**What is needed:**
Write out the following listing's lines from the one with "Detailed view of" to the one with "6pc Assortment of", exactly, with both included and no others.

**Data to process:**
━━━━━━━━

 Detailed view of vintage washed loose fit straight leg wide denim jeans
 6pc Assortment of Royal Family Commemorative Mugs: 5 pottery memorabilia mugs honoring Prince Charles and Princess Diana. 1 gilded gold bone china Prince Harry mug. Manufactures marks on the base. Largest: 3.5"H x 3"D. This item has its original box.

━━━━━━━━

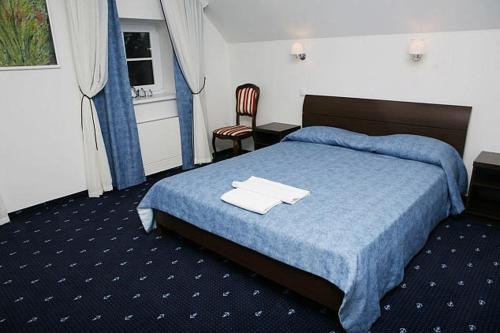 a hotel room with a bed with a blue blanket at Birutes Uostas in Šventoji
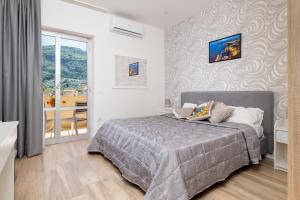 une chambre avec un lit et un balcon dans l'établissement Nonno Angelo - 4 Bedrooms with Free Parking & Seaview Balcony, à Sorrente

━━━━━━━━

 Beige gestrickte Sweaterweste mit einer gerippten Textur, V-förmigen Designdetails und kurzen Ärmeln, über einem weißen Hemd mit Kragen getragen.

━━━━━━━━

**Response:**
 Detailed view of vintage washed loose fit straight leg wide denim jeans
 6pc Assortment of Royal Family Commemorative Mugs: 5 pottery memorabilia mugs honoring Prince Charles and Princess Diana. 1 gilded gold bone china Prince Harry mug. Manufactures marks on the base. Largest: 3.5"H x 3"D. This item has its original box.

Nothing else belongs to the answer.